L’obiettivo dichiarato è quello di limitare gli spazi, ritenuti eccessivi, di discrezionalità messi dalla nuova normativa a disposizione del giudice nel valutare le probabilità di accoglimento dell’impugnazione.
Due sono le principali ipotesi sul tavolo circa le modifiche da apportare al testo. Da un lato, una cospicua parte della maggioranza pare attestata su posizioni che, di fatto, svuoterebbero di efficacia la norma, rafforzando semplicemente una possibilità che comunque il Codice di procedura offre già oggi e cioè la pronuncia di infondatezza emessa dal giudice alla prima udienza. Un intervento che andrebbe certamente incontro alle preoccupazioni espresse dall’avvocatura, finendo con il limitare di molto la portata innovativa della norma.
Da parte sua, il Ministero appare favorevole ad un diverso emendamento che riprende in larga parte i suggerimenti del CSM e spinge per l’introduzione di un appello che debba contenere, a pena di inammissibilità, la specificazione, in termini analitici, delle parti impugnate della sentenza oggetto di gravame, delle modifiche che vengono richieste alla ricostruzione di fatto operata dal Giudice di primo grado e delle circostanze da cui deriva la violazione della legge e della loro rilevanza ai fini della decisione impugnata. Una correzione che ridurrebbe i margini di intervento discrezionale del Giudice, senza però pregiudicare irreparabilmente le finalità del filtro.
Il ministro Severino non pare orientata a fare passi indietro da una posizione che sembra rappresentare, per il Governo, il punto di equilibrio più avanzato possibile. Si va, dunque, verso un più che probabile voto di fiducia in aula, dagli esiti largamente imprevedibili.
L’avvocatura, peraltro, preme anche con riferimento all’altra grande tematica ritenuta pregiudiziale, quella cioè rappresentata dalla nuova geografia giudiziaria.
Innanzi alle commissioni Giustizia di Camera e Senato il CNF ha esposto come, a proprio avviso, “rivedere la geografia giudiziaria è un’operazione necessaria, ma il Governo deve riscrivere il decreto delegato tenendo conto di tutti i criteri, compresi quelli legati alle specificità territoriali che ha totalmente trascurato. Così com’è, infatti, non garantisce né risparmi né efficienza. L’assetto della giustizia sarebbe fragile e il provvedimento del Governo esposto a rischio di incostituzionalità“.

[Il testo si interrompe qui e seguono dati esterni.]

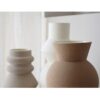 34N23483 Set de 3 jarrones VOLUMEN cerámica mate blanco, topo y terracota
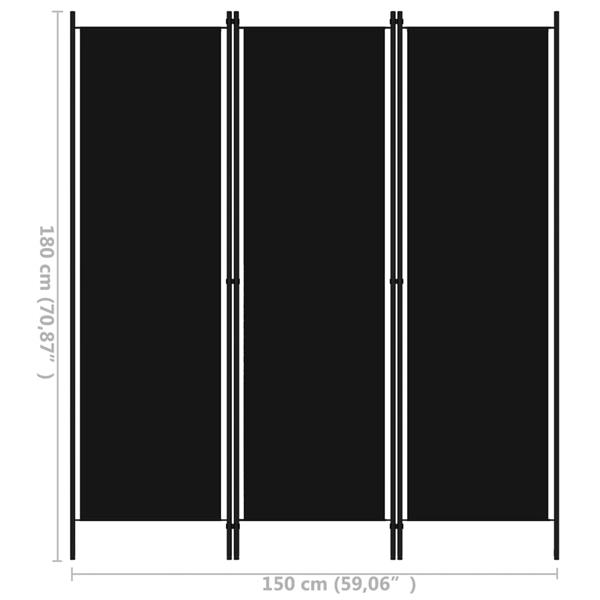 Grote foto vidaxl kamerscherm met 3 panelen 150x180 cm zwart huis en inrichting overige huis en inrichting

Dal canto suo, l’OUA, sentito anch’esso in sede parlamentare, ha piuttosto tenuto a precisare che “i principi previsti nella delega non risultano valorizzati: si pensi al mancato riconoscimento del tasso di criminalità, dell’estensione territoriale e della presenza di infrastrutture giudiziarie già pronte per la consegna e per le quali si sono addirittura sostenute spese superiori al possibile risparmio. Per esempio, i casi eclatanti di Chiavari, Castrovillari e Bassano del Grappa. Criteri che escludono di poter considerare sopprimibili i 37 tribunali indicati solo per non aver raggiunto uno dei parametri indicati nella relazione del Gruppo di studio“.